* **Task to complete**
Pictures should be left out while the data beneath this task is written out word for word.

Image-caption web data
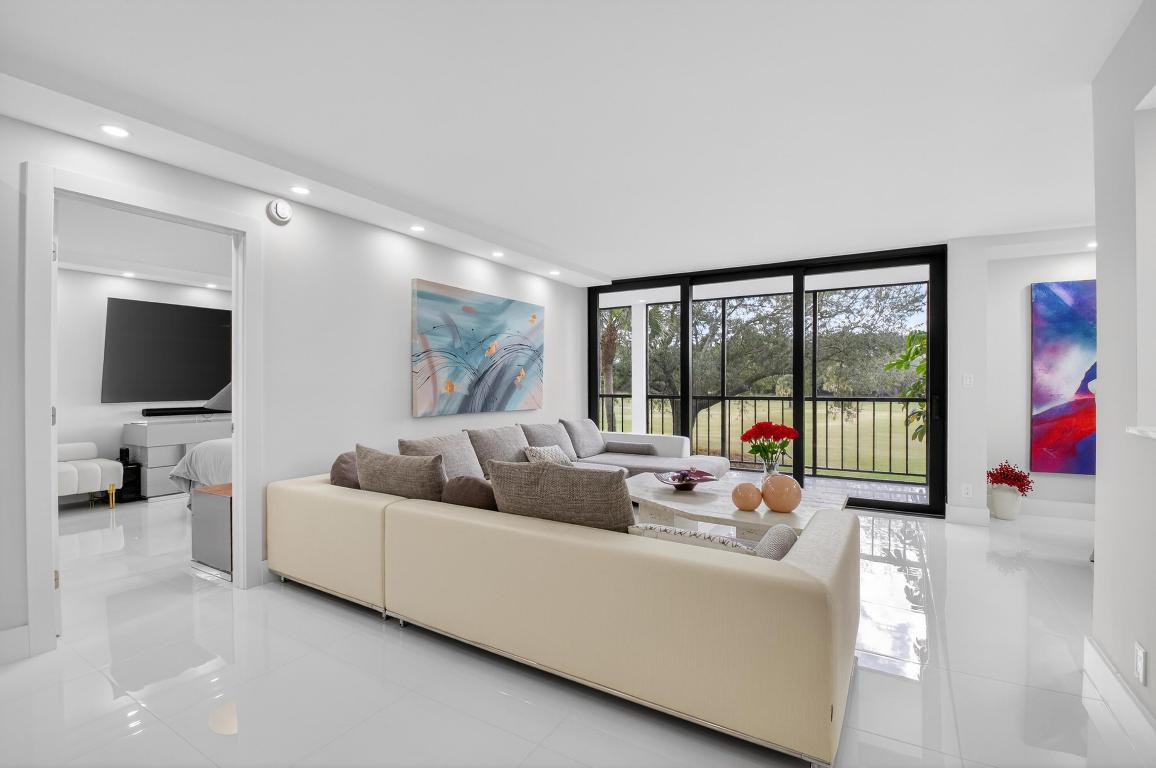 7835 Lakeside Boulevard 925, Boca Raton Unit: 925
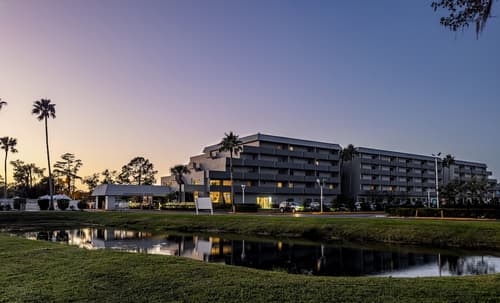Palazzo Lakeside Hotel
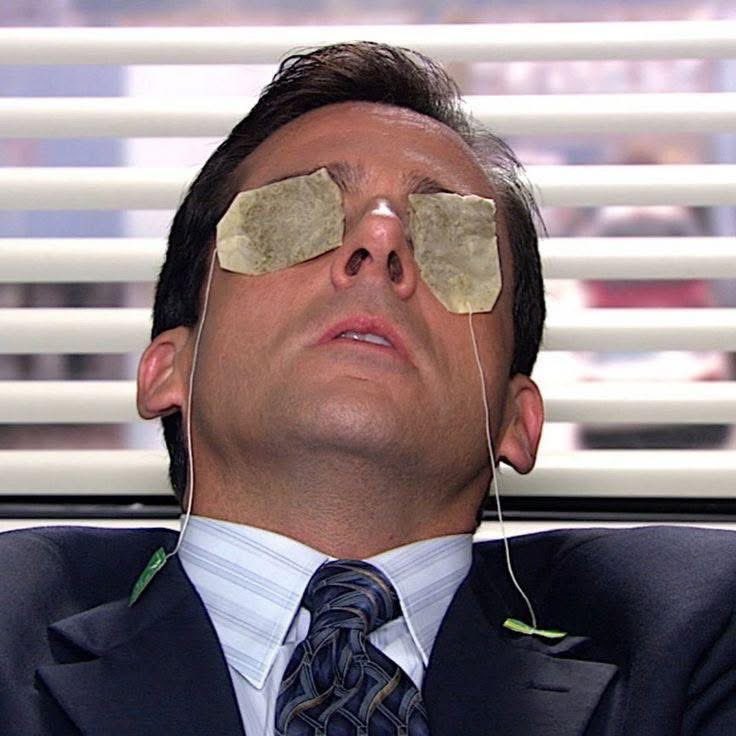 RosalYordi's tweet image. yo al día siguiente por haber chillado toda la noche :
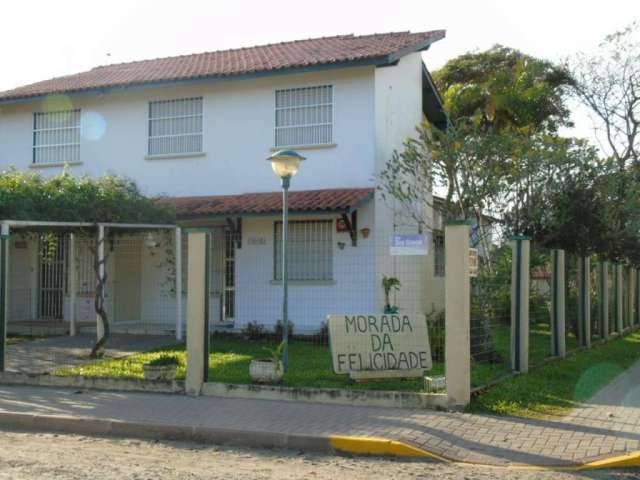 Sobrado 03 Dorm à venda no Bairro CAPÃO NOVO - 2 vagas de garagem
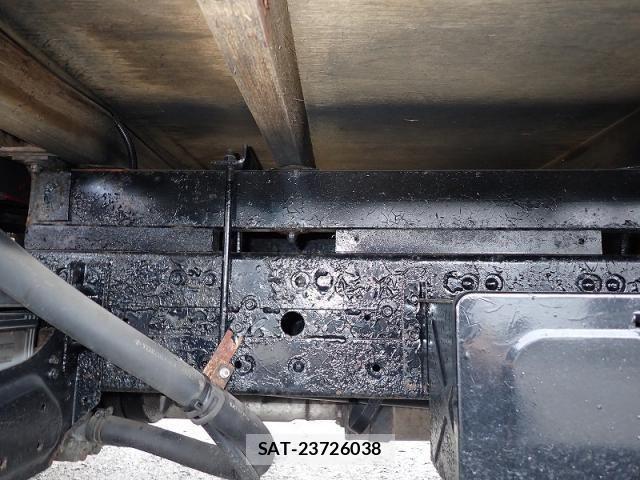 Mitsubishi CANTER 2008-09 8878999-18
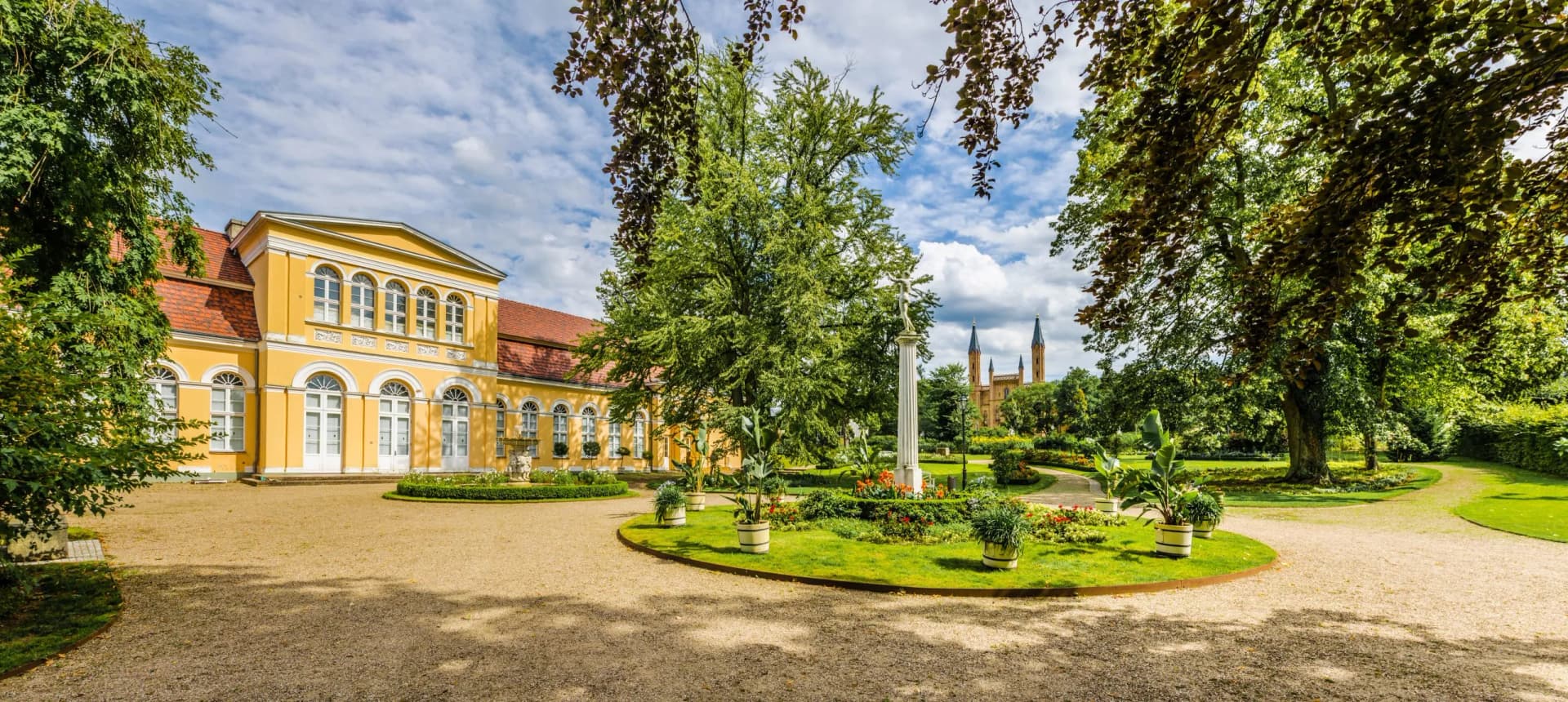Neustrelitz Schlossgarten mit Orangerie und Schlosskirche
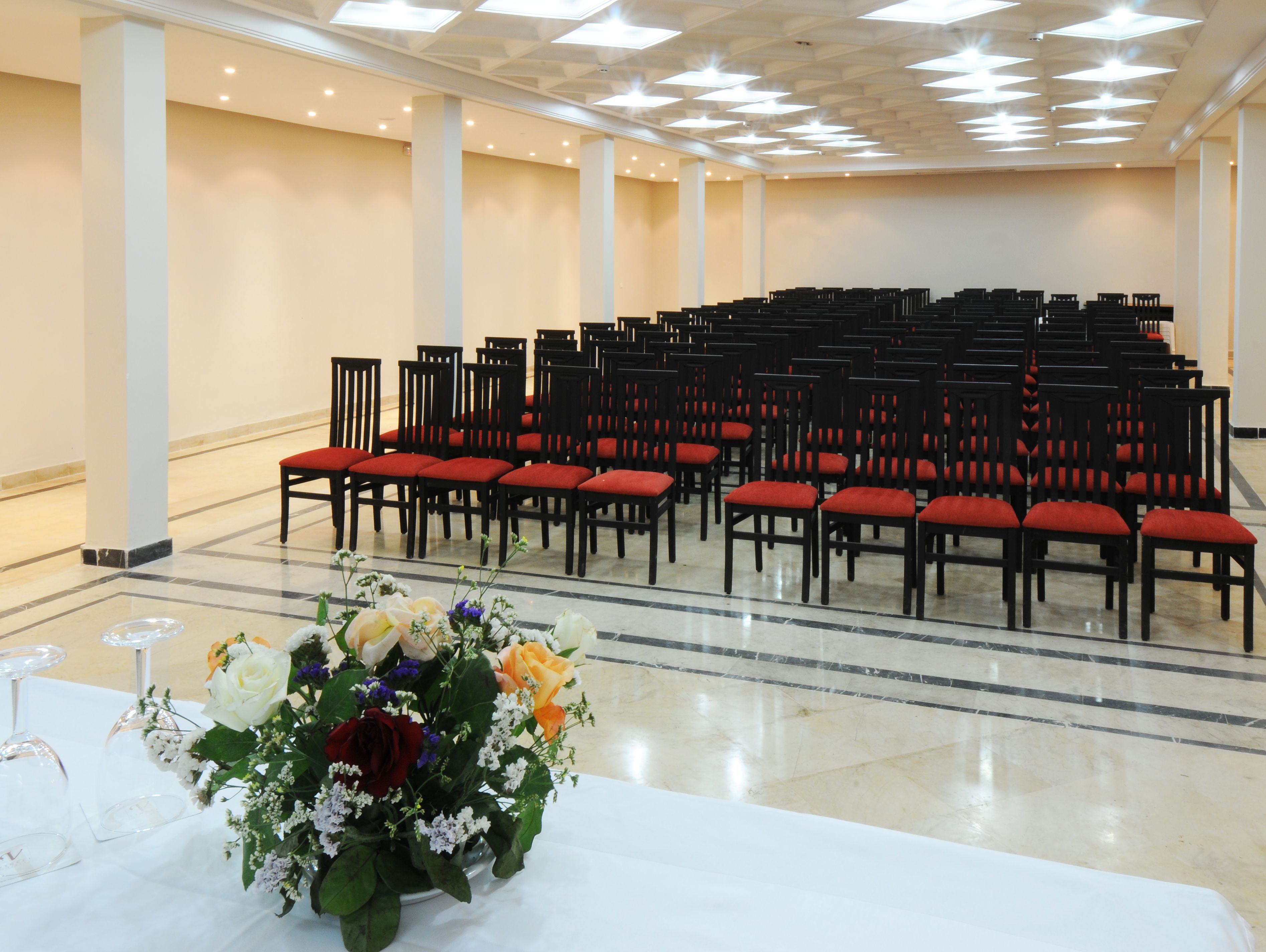 MICE (servicii de organizare de întâlniri, conferințe, alte evenimente)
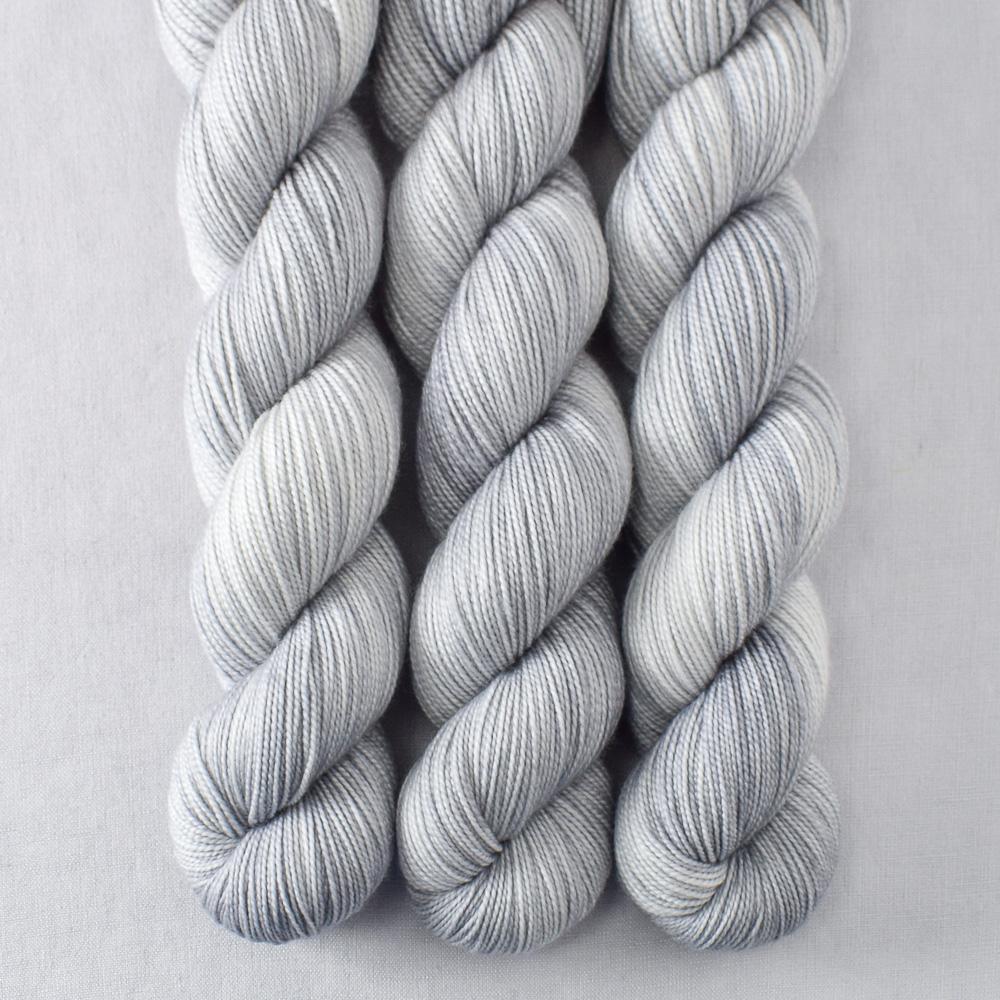 Saliju - Miss Babs Yummy 2-Ply superwash Merino wool yarn
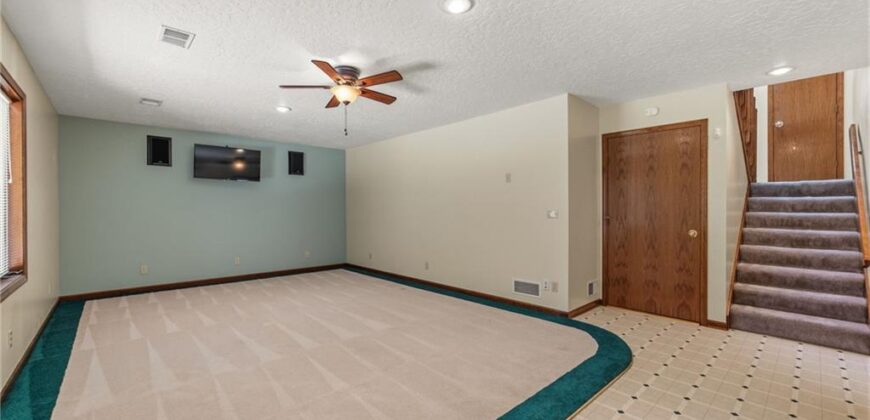 5308 N Wyandotte Street, Gladstone, MO 64118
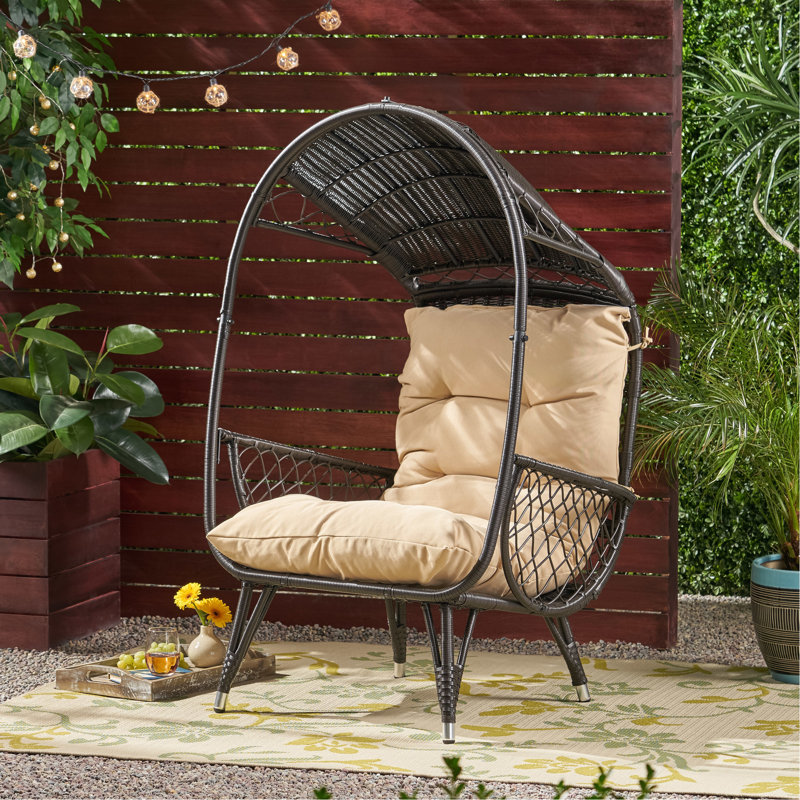 Fauteuil confortable pour l'extérieur
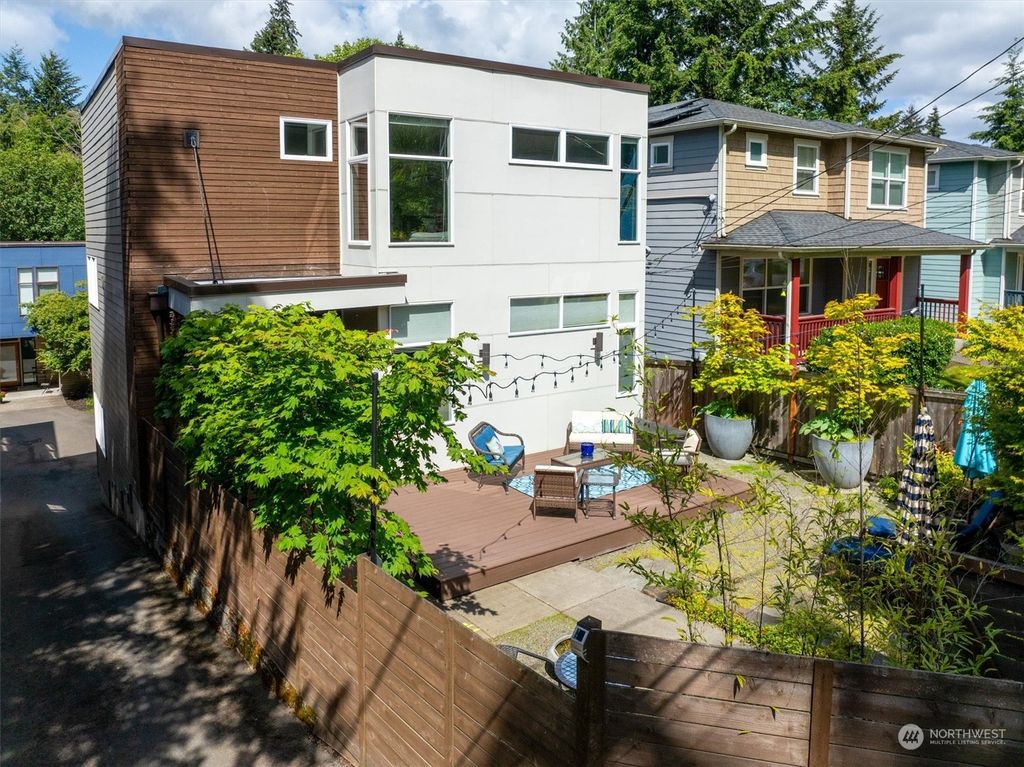 Photo of 12025 36th Avenue NE, Seattle, WA 98125 (MLS # 2246962)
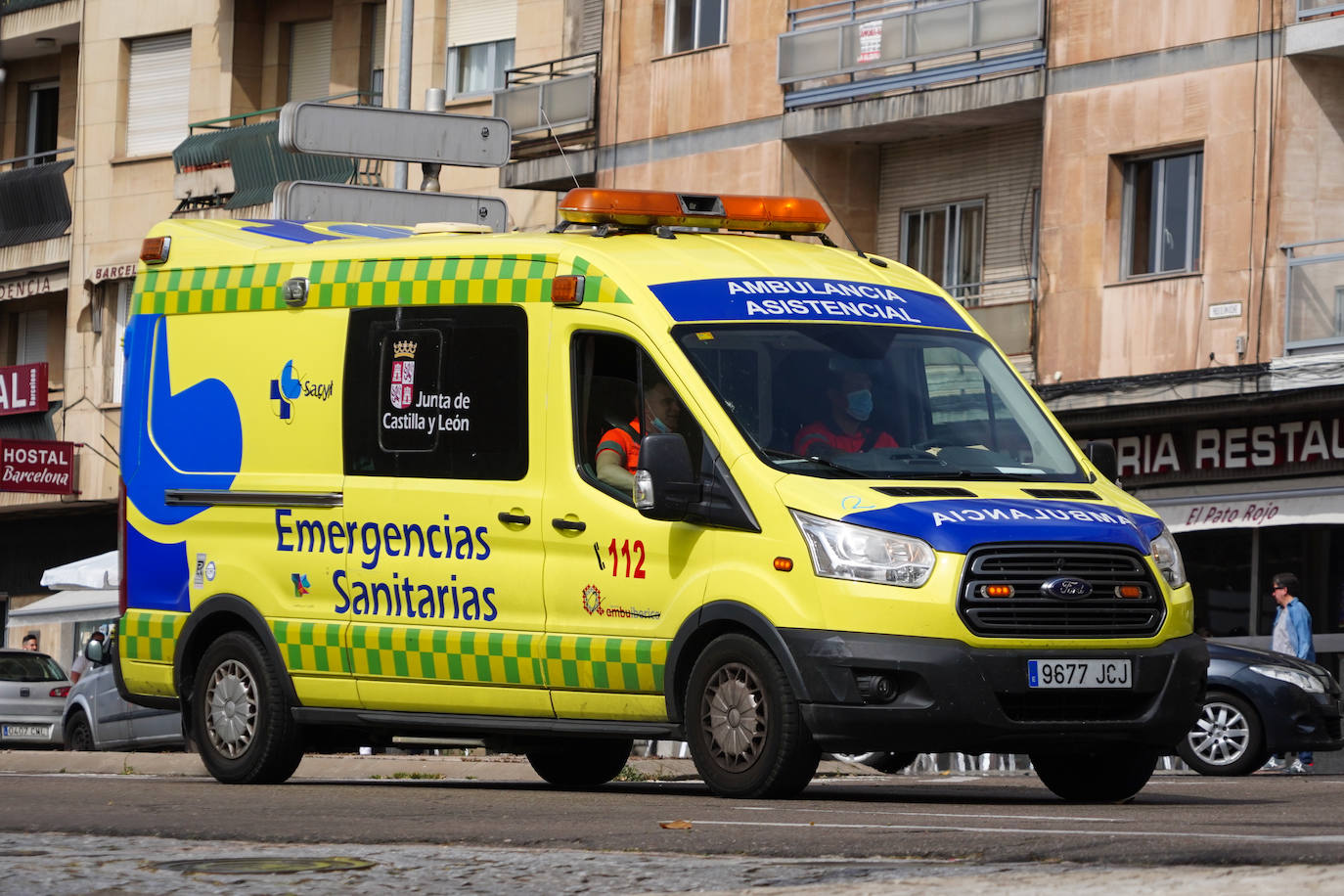 Imagen de una ambulancia de emergencias sanitarias.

* **Task output**
 7835 Lakeside Boulevard 925, Boca Raton Unit: 925
Palazzo Lakeside Hotel
 RosalYordi's tweet image. yo al día siguiente por haber chillado toda la noche :
 Sobrado 03 Dorm à venda no Bairro CAPÃO NOVO - 2 vagas de garagem
 Mitsubishi CANTER 2008-09 8878999-18
Neustrelitz Schlossgarten mit Orangerie und Schlosskirche
 MICE (servicii de organizare de întâlniri, conferințe, alte evenimente)
 Saliju - Miss Babs Yummy 2-Ply superwash Merino wool yarn
 5308 N Wyandotte Street, Gladstone, MO 64118
 Fauteuil confortable pour l'extérieur
 Photo of 12025 36th Avenue NE, Seattle, WA 98125 (MLS # 2246962)
 Imagen de una ambulancia de emergencias sanitarias.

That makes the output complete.